Teniendo en mente estas necesidades, recurriré a Carl G. Jung a fin de hacer algunos comentarios a modo de conclusión. En 1922, en su obra Recuerdos, sueños, pensamientos, decía lo siguiente de Argelia y Túnez: «Se me ocurre que esta franja de territorio ha llevado ya el peso de tres civilizaciones: cartaginesa, romana y cristiana. Lo que hará la era tecnológica con el islam es algo que todavía está por ver».[4] Pasando a hablar del hombre europeo moderno, prosigue: «su observación le dice que desde la Edad Media, el tiempo y su sinónimo, el progreso, se han acercado sigilosamente a él y le han arrebatado algo de manera irrevocable. Con su equipaje ahora más ligero, prosigue su viaje, incrementando constantemente su velocidad, hacia unos objetivos nebulosos. Compensa la pérdida de gravedad y el correspondiente sentiment d’incomplétude con la ilusión de sus triunfos, como los barcos de vapor, ferrocarriles, aeroplanos y cohetes, que le despojan de su duración y le transportan a otra realidad de velocidades y aceleraciones explosivas». Casi un siglo después de que se escribieran estas palabras, muchos en Europa se hallan más confundidos de lo que están dispuestos a admitir, lo que hace que resulte aún más difícil para ellos dialogar con otra civilización.

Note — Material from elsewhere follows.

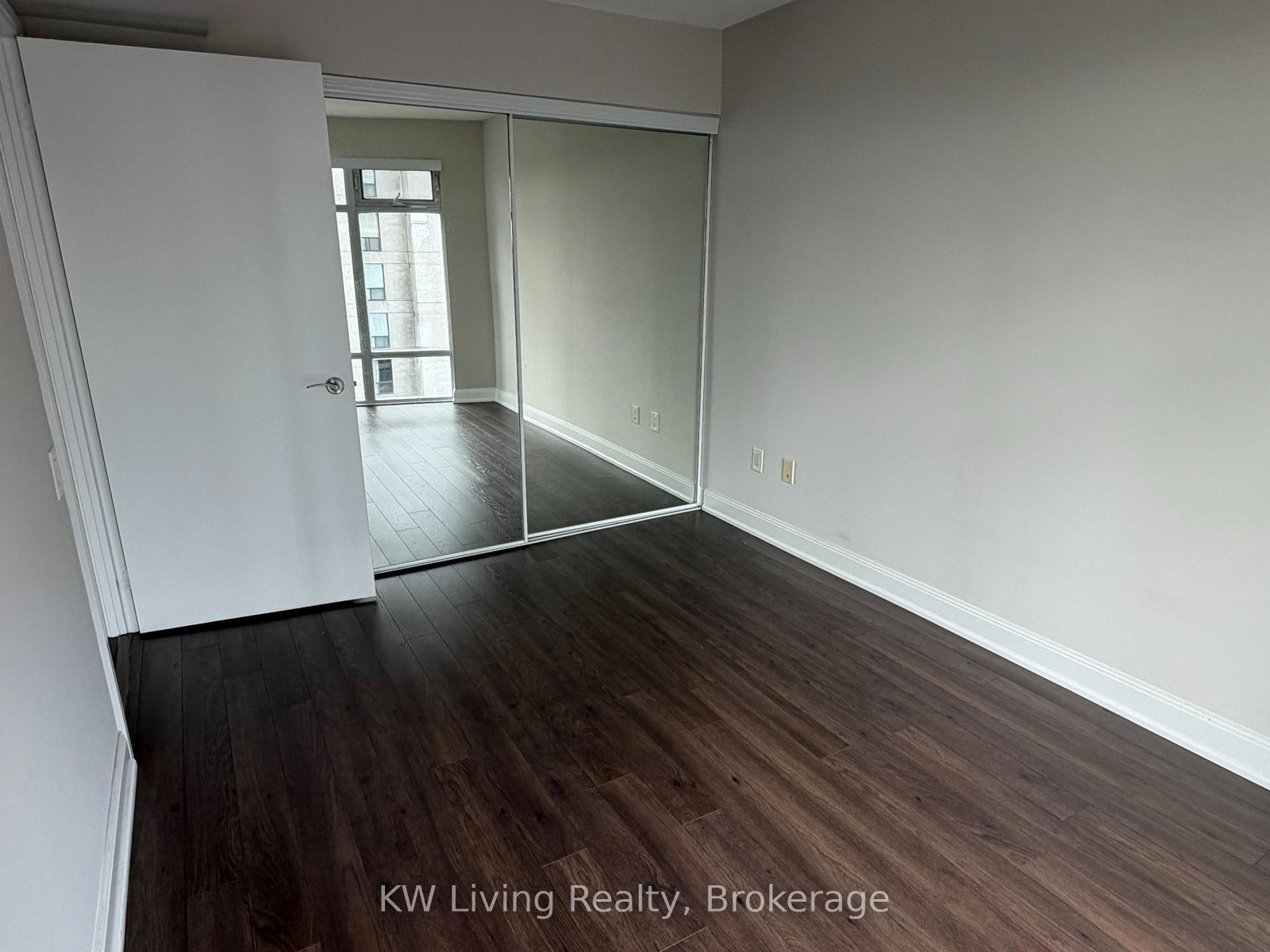2181-yonge-street-toronto-toronto-ontario-c13693026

Jung concluye que «la naturaleza emocional de esas gentes irreflexivas, que están tanto más próximas a la vida que nosotros, ejerce una fuerte y sugestiva influencia en aquellas capas históricas de nosotros mismos que simplemente hemos superado y dejado atrás, o que creemos que hemos superado. En realidad, nuestro culto al progreso corre el peligro de imponernos cada vez más sueños infantiles sobre el futuro cuanto más nos apremie para escapar del pasado». Hoy, a los europeos les gusta concebirse a sí mismos como racionales, y demasiados de ellos ven al «otro» como irracional, y eso cuando lo ven, a pesar de que afirman que buscan el diálogo. Tal comportamiento hará muy poco para fomentar un clima que lleve a un diálogo entre civilizaciones —y no digamos ya a una alianza de éstas— y a una mejor comprensión de las fuerzas que hoy están librando una batalla en todo el mundo musulmán mientras éste avanza lenta, pero, sin duda, inexorablemente, hacia la modernidad.
Notas
[1] Emmanuel Sivan, Mitos políticos árabes, Barcelona, Bellaterra, 1997.
[2] Hasan Hanafi, «Arab National Thought in the Balance», Disarat ‘Arabiyya, Beirut, marzo-abril 1978.
[3] Antoine Maqdisi, «On the Significance of the Heritage», Mawafiq, Beirut, septiembre-octubre 1970.
[4] Carl G. Jung, Recuerdos, sueños, pensamientos, Barcelona, Seix Barral, 2002.